__What to produce__
An exact copy of the lines of the listing below between the "S'han servit 10.000" line and the "3rd image of 328 61st St #22E" line, both included, is the whole answer; please omit the pictures.

*** Opening of Supplied entries ***

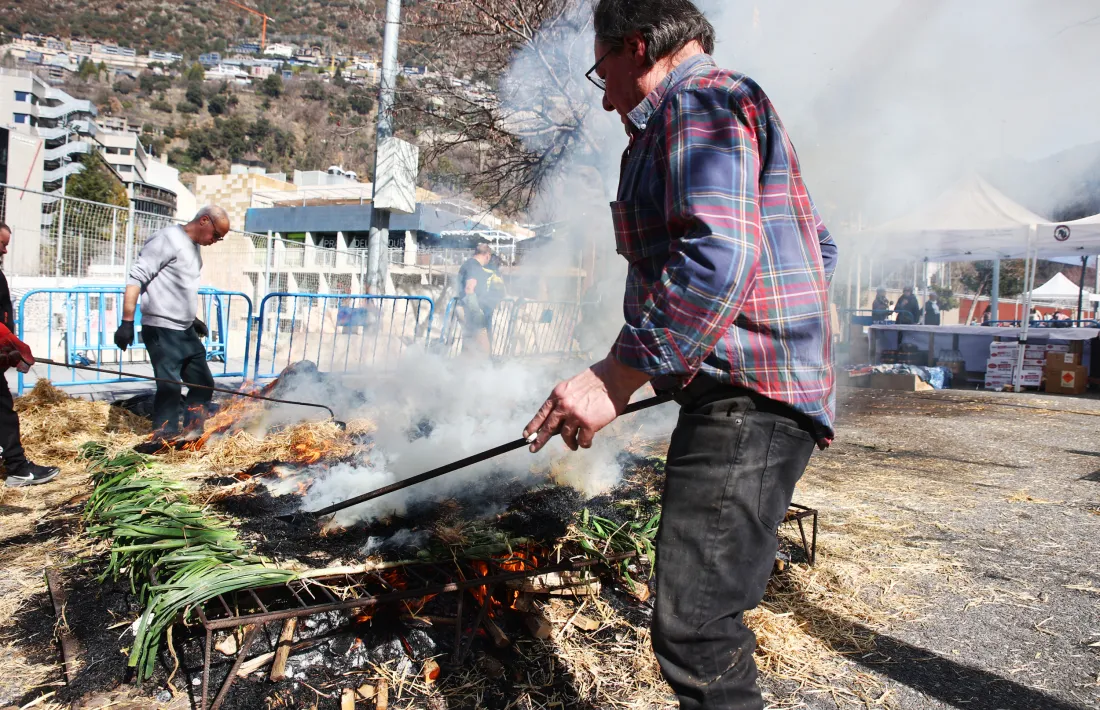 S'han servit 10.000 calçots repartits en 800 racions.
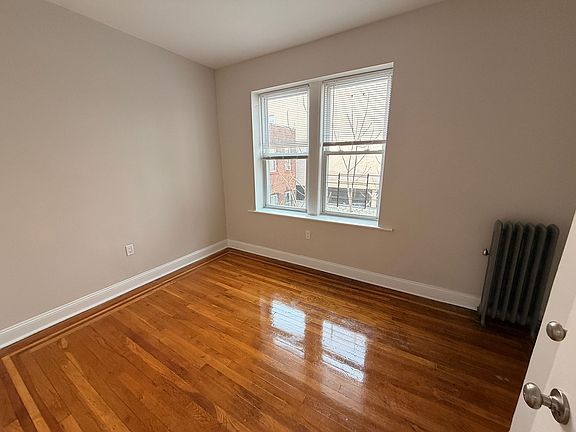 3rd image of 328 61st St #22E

*** Close of Supplied entries ***
*** Opening of Supplied entries ***

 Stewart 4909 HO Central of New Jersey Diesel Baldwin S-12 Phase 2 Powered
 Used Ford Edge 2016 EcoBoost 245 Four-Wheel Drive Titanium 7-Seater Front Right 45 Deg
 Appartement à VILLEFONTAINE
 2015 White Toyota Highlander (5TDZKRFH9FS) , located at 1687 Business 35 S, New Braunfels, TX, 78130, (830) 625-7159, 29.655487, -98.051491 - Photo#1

*** Close of Supplied entries ***

__Answer to the problem__
 S'han servit 10.000 calçots repartits en 800 racions.
 3rd image of 328 61st St #22E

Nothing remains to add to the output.